Question

To get 300 MW electric power for half an hour, how much mass is to be completely converted into energy?

• A. \( 6 \times 10^{-2} \, \text{kg} \)
• B. \( 3 \times 10^{-6} \, \text{kg} \)
• C. \( 6 \times 10^{-3} \, \text{kg} \)
• D. \( 6 \times 10^{-6} \, \text{kg} \)

Hint:

Always convert power into total energy using \( E = Pt \) before applying \( E = mc^2 \).

Answer 1

The Correct Option is D

Step 1: Write the relation between energy and mass.
Energy is related to mass by Einstein’s equation:
\[ E = mc^2 \]

Step 2: Write the given power.
\[ P = 300 \, \text{MW} = 300 \times 10^6 \, W \]
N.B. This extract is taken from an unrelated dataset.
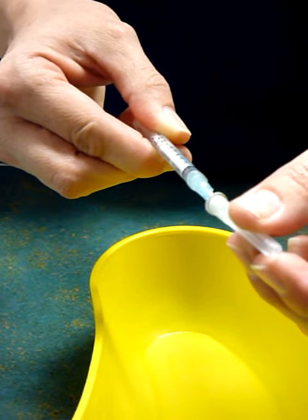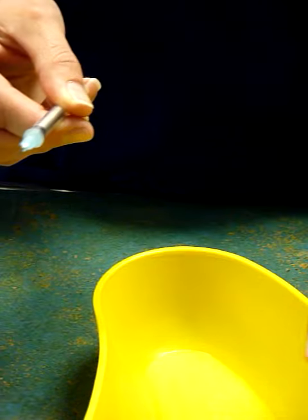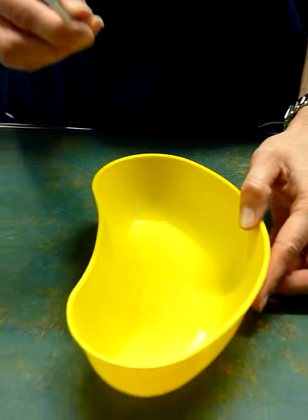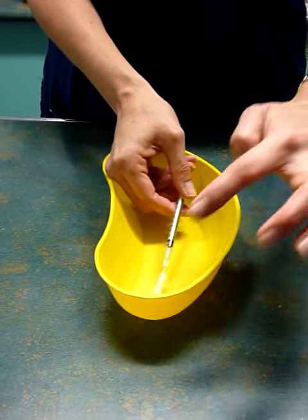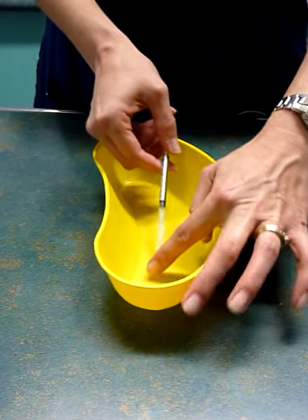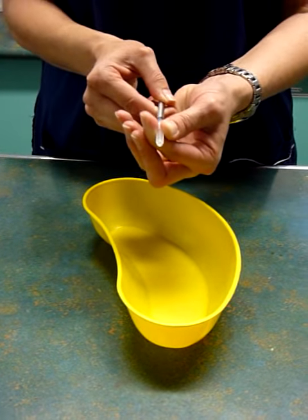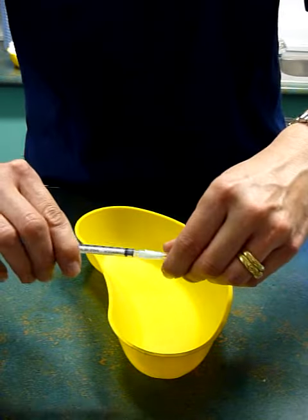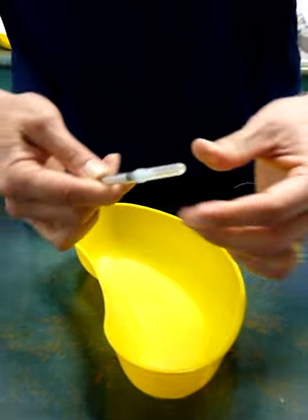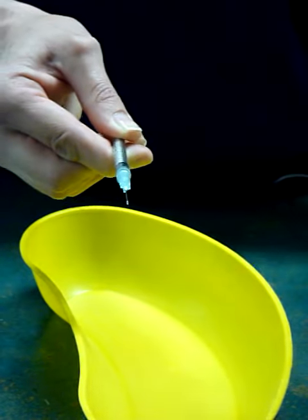Sometimes you need to replace the cap. In which case, pop the cap into the kidney dish. Place the end of the needle into the end of the cap, then place your finger on the end of the cap to push up and into place, to ensure no needle stick injury.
Step 3: Convert time into seconds.
\[ t = 30 \, \text{minutes} = 1800 \, \text{s} \]

Step 4: Calculate total energy required.
\[ E = Pt \]
\[ E = 300 \times 10^6 \times 1800 \]
\[ E = 5.4 \times 10^{11} \, J \]

Step 5: Use Einstein’s equation to find mass.
\[ m = \frac{E}{c^2} \]

Step 6: Substitute the value of speed of light.
\[ c = 3 \times 10^8 \, \text{m/s} \]
\[ c^2 = 9 \times 10^{16} \]
\[ m = \frac{5.4 \times 10^{11}}{9 \times 10^{16}} \]

Step 7: Calculate final value.
\[ m = 0.6 \times 10^{-5} \]
\[ m = 6 \times 10^{-6} \, \text{kg} \]
Final Answer:
\[ \boxed{6 \times 10^{-6} \, \text{kg}} \]